Orioles' late effort falls short: Berrios needed just 71 pitches to get through seven innings, as he got ahead early and often. But Baltimore staged a potential rally in the ninth as Sisco bunted for a one-out hit and Berrios walked Chris Davis.
"They are playing the shift right there, so they kind of gave it to me. If they're going to shift there, I have to take it," Sisco said of dropping the bunt. "And we got bases loaded after that. A couple home runs away from tying the game up."
After Manny Machado's single loaded the bases, Berrios got Jonathan Schoop to pop up and fanned Adam Jones to keep the shutout intact.
Sisco said he was just trying to mess with the timing of the game and get on base, though it didn't sit well with some in the Twins' dugout.
"Obviously, we're not a fan of it," Dozier said. "He's a young kid.
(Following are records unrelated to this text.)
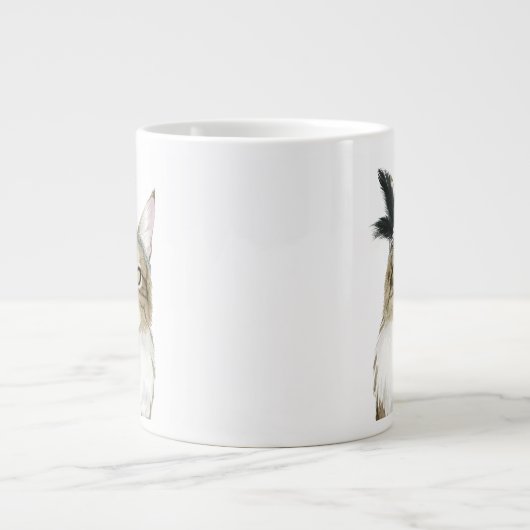 Downton Cat | Mit Federn verziert Jumbo-Tasse (Vorderseite)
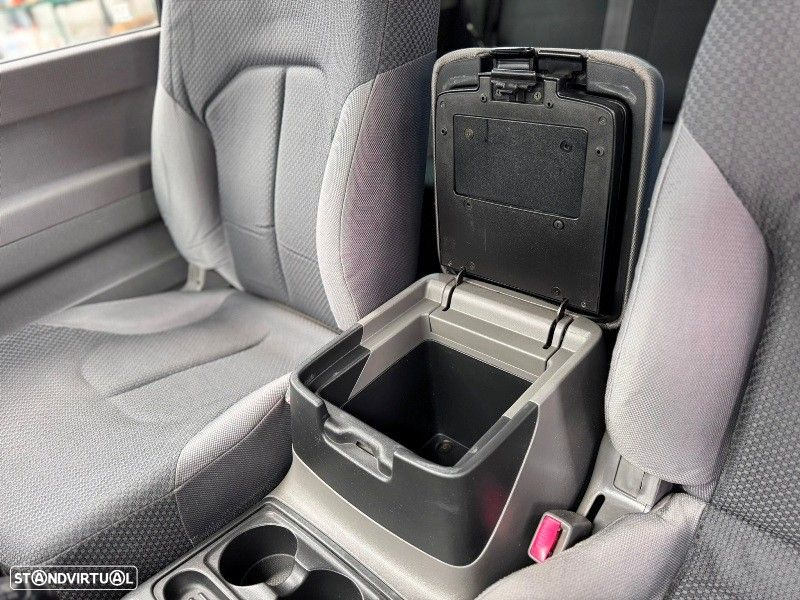 Mitsubishi Pajero 3.2 DI-D GLS - 31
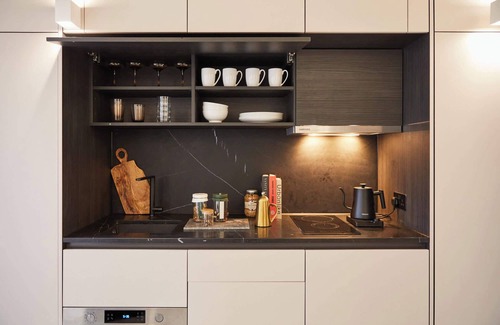 Harrow Apartment | Modern Studios w/Gym & Rooftop | The Hill by Nestor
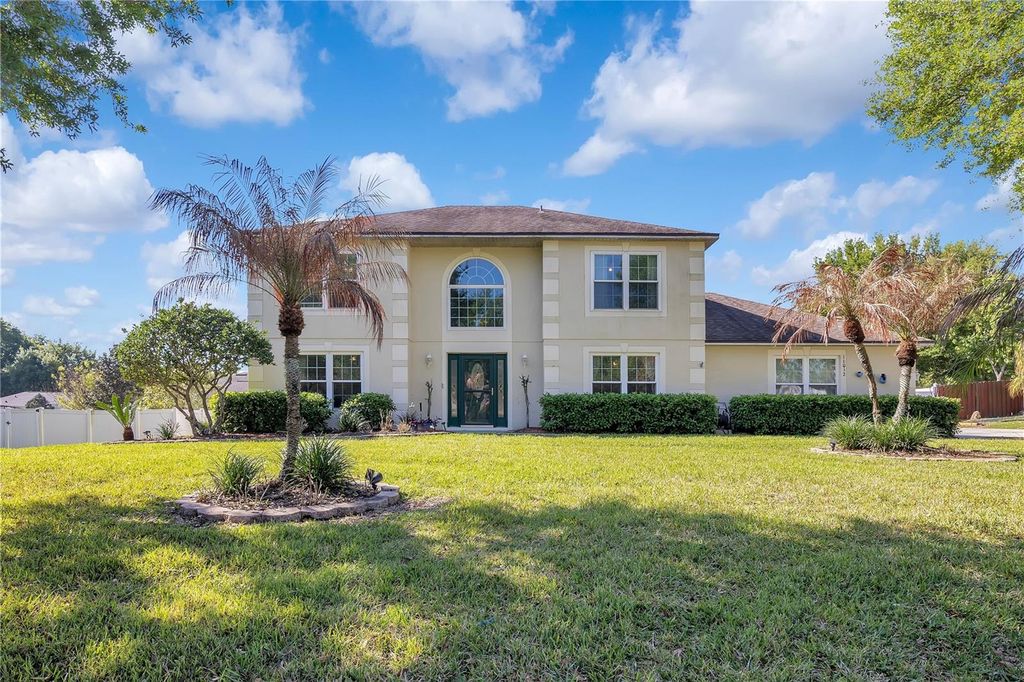 Photo of 16012 Horizon Court, Clermont, FL 34711 (MLS # G5110459)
I could've said something at second base, but they have tremendous veteran leadership over there with Chris Davis, Adam Jones and those guys. I'm sure they'll address it and move forward. It's all about learning up here."
"I think it's a good spot for the entire lineup for me to be at the top. At some point, we'll all start clicking and get rolling. Honestly, it's just a spot in the lineup. I think when our offense gets going, it doesn't matter who is hitting where. We've got power from top to bottom. We can drive in runs. We have to take a deep breath and stay after it." -- Davis, who is hitless in three games out of the leadoff spot
SOUND SMART WITH YOUR FRIENDS
Twins starters combined to throw 21 scoreless innings against the Orioles. The last time the club had three starting pitchers throw at least six scoreless innings in consecutive starts was June 10-13, 2014 (Kevin Correia, Phil Hughes, Kyle Gibson).
The Orioles will head to Houston to face the reigning World Series champion Astros, and Chris Tillman will get the ball on Monday night at 7:10 p.m. ET, live on MLB.TV. The righty re-signed on a one-year deal with Baltimore this spring and will look to bounce back from a 2017 in which he posted a 7.84 ERA.